Twenty people have signed up to march the entire 180 miles from Seneca Falls to Albany, a trip expected to take 10 days. Salvador Solis, a former farmworker and an organizer with CITA, is one of the people walking the entire way. "We're not asking for anything extra," he said. "We're asking for justice and equality."
The marchers gathered at the altar of St. Luke's, where two nuns blessed them with holy water before sending them on their way. "Easter is an important time of year to do this," said Sister Marlena Roeger. "This march is about a re-birth, about something new."
Jill McGee, a dairy farmworker who will drive most of the way because of a knee injury, hopes the march will have a big impact. "I really think this is the year the bill will pass," she said. "I hope that this is the year the oppression of farmworkers ends."
The marchers will make several stops before arriving in Albany on April 30. For a complete itinerary, call Jim Schmidt (325-3050) or Bill Abom (637-8360, 764-0188).
--- Joseph Sorrentino
If you don't like what's on the air, you can press the off button, right? That's not so easy, though, when you're dealing with Clear Channel Communications Inc.
First, the San Antonio-based parent corporation is ubiquitous (1,225 radio stations and 37 TV stations nationwide; seven radio stations plus WOKR-TV Channel 13 in Rochester). Second, the company has found a new and less-avoidable way to broadcast in the "public square."
As the Chicago Tribune reported last month, Clear Channel has been sponsoring patriotic rallies across the country, including large ones in Atlanta, Cincinnati, and Cleveland. With its journalistic eyebrows raised, the Trib got a juicy quote from an ex-Washington insider: "I think this is pretty extraordinary," said former Federal Communications Commissioner Glen Robinson, who teaches law at the University of Virginia. "I can't say that this violates any of a broadcaster's obligations, but it sounds like borderline manufacturing of the news."
On April 16, Clear Channel's WHAM 1180 sponsored a "support the troops" rally in the Highland Bowl on South Avenue. Besides some radio personalities, County Executive Jack Doyle and Rochester Mayor Bill Johnson showed up to speak. Vietnam War veteran Gary Beikirch's remarks made the TV news.
The WHAM website ran a story on the news of its own making.
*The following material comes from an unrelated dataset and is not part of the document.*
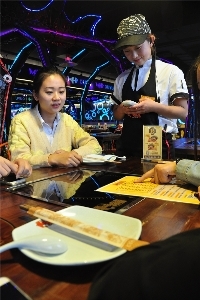 休闲餐厅加盟，保定悦众集团助您开启餐饮创业之路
Who says Rochester's "manufacturing" sector is dead?
There we were, minding our own business April 17, when WXXI's Michael Caputo, hosting Channel 21's Need to Know, goes and drops a big one. It seems former White House speechwriter and Caledonia native Curt Smith will soon be on the 1370 AM Sunday morning line-up.
On his own website, Smith says he'll "begin hosting Perspectives each week... in early May. The series will be distributed to other NPR stations in New York State. It will feature well-known local and national guests --- indeed, arguably the greatest galaxy of marquee names of any mid-size market in America."
Could this modesty mean a cameo by George H.W. Bush, for whom Smith proudly wrote a "Just War" speech? Or by Margaret Thatcher, who's on the record as admiring Smith's work, and who ran her own splendid little naval campaign against the upstart Argentineans? There's no telling. But by floating this new show, WXXI certainly will be tilting a little more to starboard.
The federal Environmental Protection Agency has put Diaz Chemical Corporation on notice: The company, says an April 16 EPA news release, must "take specific actions to correct deficiencies in the way that it operates its facility in Holley, New York." The EPA notes this action from the company's "failure to meet a provision of the Clean Air Act."
In January 2002, the Diaz plant suffered an explosion that caused a cloud of airborne chemicals (including toluene and chlorofluorophenol) to hit a nearby residential neighborhood. The neighbors, some of whom are still unable to return to their homes, have been pursuing legal action.
Senator Hillary Rodham Clinton has weighed in. On April 18, she wrote EPA head Christine Todd Whitman that "more needs to be done to safeguard the health of the Holley community." She asked Whitman to widen the search for contaminants in Holley and "expand the types of chemicals for which testing will be done." A Diaz spokesperson could not be reached for comment.